So, I’m sure a lot of you are asking yourselves, “how do I become a campus celeb AND rack up thousands of dollars at the hospital?”
You know what sister friend? Your girl Caroline is going to tell you exactly how to accomplish overnight fame.
When I was in high school, my parents were pretty strict so I spent a lot of time grounded. I drank a little bit but I didn’t really discover the party scene until I was in college.
Once I left home for Tuscaloosa, I went nucking futs. I joined a sorority, learned how to shotgun a beer, and realized that boys = life. This crazy college lifestyle resulted in an extra 20 pounds and 3 trips to the emergency room.
The first time I seriously injured myself, I had fallen off of a table and my hand made its way to a large shard of broken glass. I cut my artery and ulnar nerve in half and I still have very little feeling in my left hand.
My second visit to the hospital was due to a beer bottle being thrown at my head. No, I did not instigate it. I was at a bar with my friends and was maybe 2 beers deep when a fight broke out across the room. I barely got the words “what’s going on?” out of my mouth when I felt something slam into the side of my noggin. Once the blood started streaming down my face, I realized that I was in deep shit. The glass had hit my temple and, you guessed it, sliced another artery. I have a super cool scar now right below my hairline.
My third ER adventure was by far the craziest. It was game day at Bama which, if you didn’t know, is like Mardi Gras for rednecks. My friends and I were having a grand ol’ time and decided that it was a good idea to get into an F-150 with a drunk driver. After he hit 125 mph, we begged him to slow down. Being the generous human that he is, the driver reduced his speed to a leisurely 100 mph and we all felt super safe.

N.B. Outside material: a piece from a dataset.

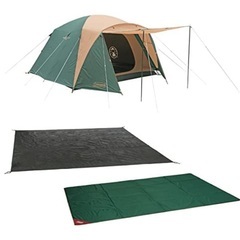 🉐本日最終！キャンプセット色々　テント、マット、ライト、寝袋など...
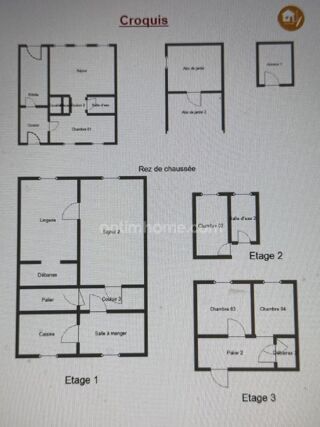  Immeuble à vendre 8 pièces 180 m²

The last thing I remember was someone screaming “slow down” and then my head slammed into the windshield.
I woke up in a ditch with my legs in a 90-degree angle straight behind me. I thought I was paralyzed and I was told that my best friend since 7th grade was dead. She was not responding and her head was dripping with blood. Once she regained consciousness, we were rushed to the hospital where my best friend and I were told that we needed to be transferred to a hospital an hour away. The nurse explained that I would need surgery and would most likely be bed-ridden for 8 months.
Me: “8 months are you fucking kidding me?”
Nurse: “Stop crying. Do you have any family? You’re the only one here without a visitor.”
Me: “Thank you for your stellar bedside manner. I feel like we’re really connecting on a personal level.”
Once I arrived at the next hospital, I could hear my best friend screaming as the doctors sewed up her face. The glass had torn open her right cheek and the impact of the crash had ripped open her eyelid. She was begging for them to stop but she knew that they couldn’t. Have you ever listened to a loved one cry out in pain for an hour? It was as if I was watching a horror movie with no way of telling the main characters that the killer was hiding in the closet.
I remember how claustrophobic I felt with my neck brace suffocating me and the metal table accentuating the pain radiating from my lower body. I was alone in an operating room that resembled a scene out of Saw. The nurses had cut my clothes off and I was covered by only a thin white sheet as if my next stop was the morgue. Were the doctors just going to throw in the towel? “Hey, I think we should pull the plug. She keeps telling us that her friend is allergic to penicillin and it’s annoying AF.”
The next few days were a blur. I was in and out of consciousness with copious amounts of pain meds. As my Father so lovingly reminded me, I apparently rolled my head over one day after being given the morphine pump and said “this shit is awesome.”
This entire experience was quickly followed by intense PTSD. I couldn’t drive at night for about a year and I didn’t dare get in the car when it was raining. Every turn reminded me of the screeching tires that rang in my head and every car surrounding me was considered a weapon. This is a really fun way to live, I highly recommend it.
So, the moral of the story is, you too can be this cool in college if you flush your values down the toilet, 100% care about what others think of you, and set 0 goals for your future. If you DO find yourself in this situation though, I suggest getting the chicken quesadilla at UAB Hospital. It’s pretty bomb once you actually develop an appetite.